When you connect to a live GPU instance, start the server and run the monitor in two terminals:

# Terminal 1 — start vLLM
export HF_TOKEN=hf_...
export MODEL_ID=mistralai/Mistral-7B-Instruct-v0.3
bash launch_vllm.sh

# Terminal 2 — run the monitor once the server is healthy
python monitor_cache.py

Reading the Output

The four-panel chart shows:

  1. Prefix Cache Hit Rate per Turn: should climb from near 0 on turn 1 (cold cache) toward 0.7-0.9 by turn 5+ as the shared system prompt and conversation history fill the radix tree. The Irminsul paper [1] reports recovery of up to 83% of prompt tokens above exact-prefix on agentic traffic, so values in this range are expected on a warm cache.
  2. Prompt Token Count: grows linearly because each turn appends the assistant reply. A flat or slow-growing curve here means the conversation history is being truncated, which would also reset the cache.
  3. End-to-End Latency: should decrease as the hit rate rises. Cache misses force full prefill recomputation, which is the source of the 10-16 second TTFT spikes documented in [1].
  4. Tokens Served from Cache: the product of prompt tokens and hit rate. This is the prefill work the GPU skipped. At 63% prefill energy savings per cache hit [1], this panel translates directly to cost reduction.

Troubleshooting

docker: Error response from daemon: could not select device driver "nvidia": The NVIDIA Container Toolkit is not installed or not configured. Follow the NVIDIA Container Toolkit installation guide and run sudo nvidia-ctk runtime configure --runtime=docker && sudo systemctl restart docker.

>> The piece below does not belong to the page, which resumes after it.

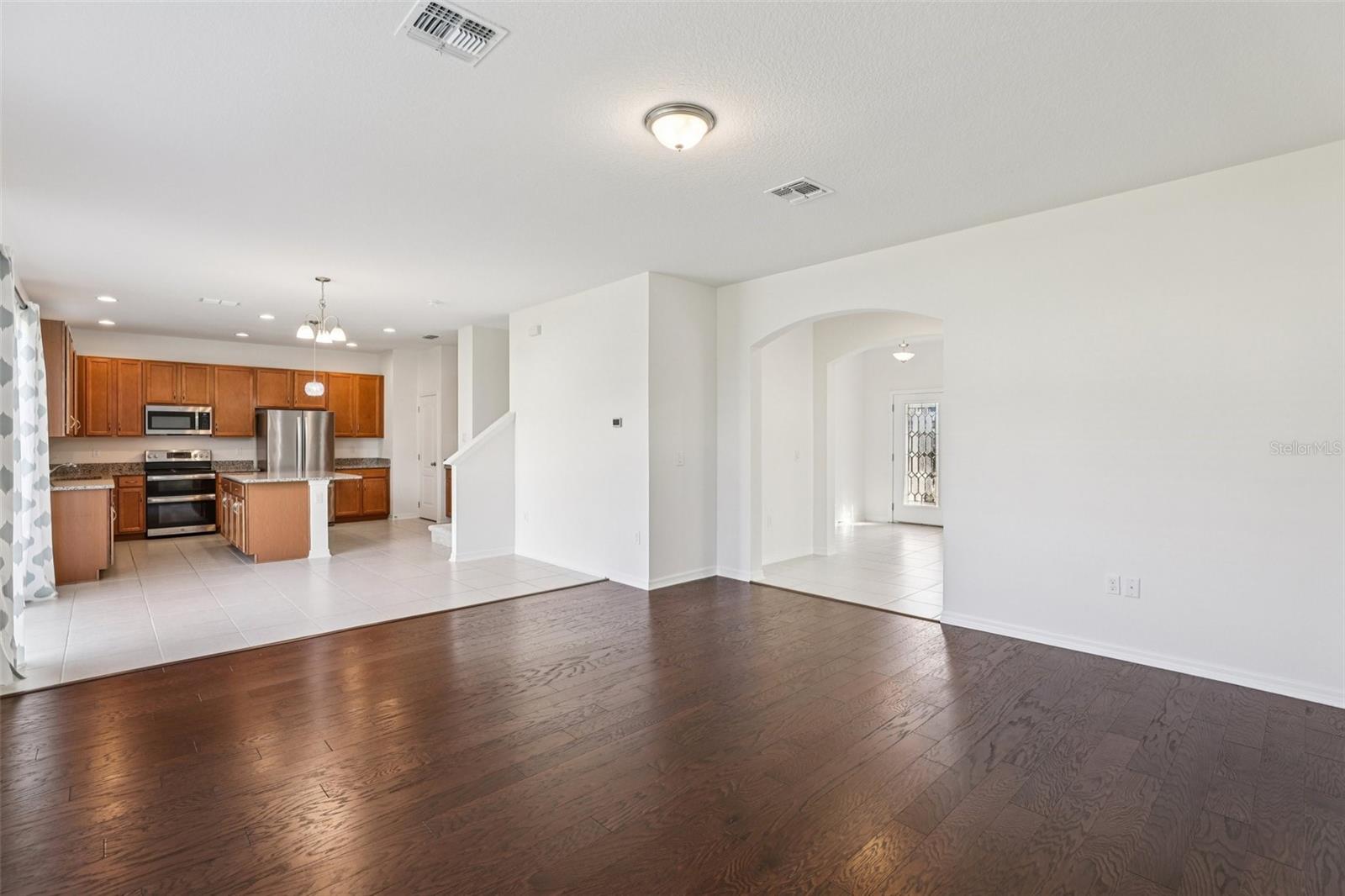 JOHNS LAKE LNDG - Residential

CUDA out of memory during server startup: Reduce --gpu-memory-utilization to 0.80 or lower --max-model-len to 4096. On a 24 GB GPU, Mistral-7B needs roughly 14 GB for weights, leaving 10 GB for the KV cache pool.

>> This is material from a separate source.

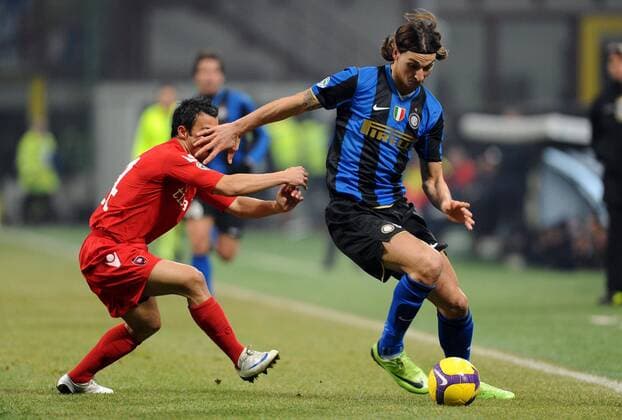 Zlatan Ibrahimovic (Inter Mailand, re.) im Duell -  Fußball Herren Serie A 2008 2009, 1. Italienische Liga, FC Internazionale Mailand - US Cagliari Calcio 1:1 Gruppe Mailand Dynamik,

Cache hit rate stays at 0.0 after several turns: Confirm --enable-prefix-caching is present in the Docker command. Also check that temperature is set to 0.0 in requests; sampling with temperature > 0 does not affect caching, but verify the model is not being reloaded between requests by checking Docker logs for Loading model weights.

/metrics returns 404: Some older vLLM images disable the Prometheus endpoint by default. Add --enable-metrics to the Docker command, or upgrade to vllm/vllm-openai:latest.

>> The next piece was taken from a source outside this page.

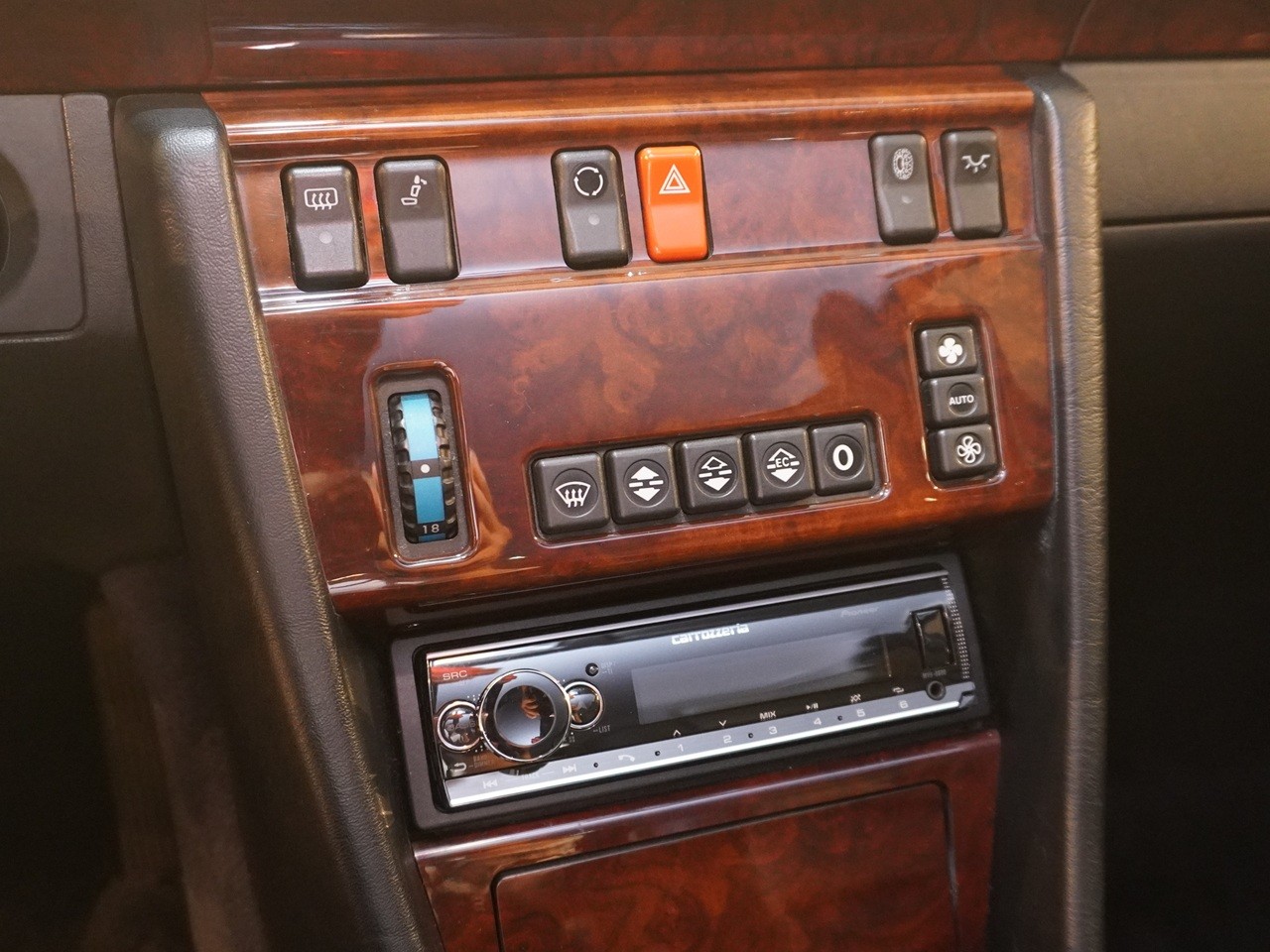 メルセデスベンツ　ミディアムクラス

Latency does not decrease despite rising hit rate: The cache is warming but the bottleneck may be decode (token generation), not prefill. Use --max-tokens 64 in your test requests to isolate prefill latency, or inspect vllm:time_to_first_token_seconds in the Prometheus output directly.

ModuleNotFoundError: No module named 'metrics_scraper': Run monitor_cache.py from the directory where you saved the five files, or add that directory to PYTHONPATH: PYTHONPATH=. python monitor_cache.py.

Next Steps

  • Integrate with Grafana: scrape the vLLM /metrics endpoint with a Prometheus server and build a dashboard that alerts when gpu_prefix_cache_hit_rate drops below 0.4 for more than 60 seconds.
  • Test with MLA-based models: DeepSeek-V2-Lite and Kimi Moonlight are the models evaluated in [1]. Their Multi-Head Latent Attention architecture makes content-addressed caching especially effective; swap MODEL_ID to one of these and compare hit-rate curves against a GQA model.
  • Benchmark cache miss cost: add a --no-enable-prefix-caching run of the same session and compare TTFT distributions. This quantifies the latency penalty your users pay when cache eviction occurs under load.
  • Extend to tool-call traces: replace USER_TURNS with real tool-call/result pairs from your agent framework. The system prompt plus tool schemas form a long shared prefix that is the primary beneficiary of prefix caching in production agentic deployments.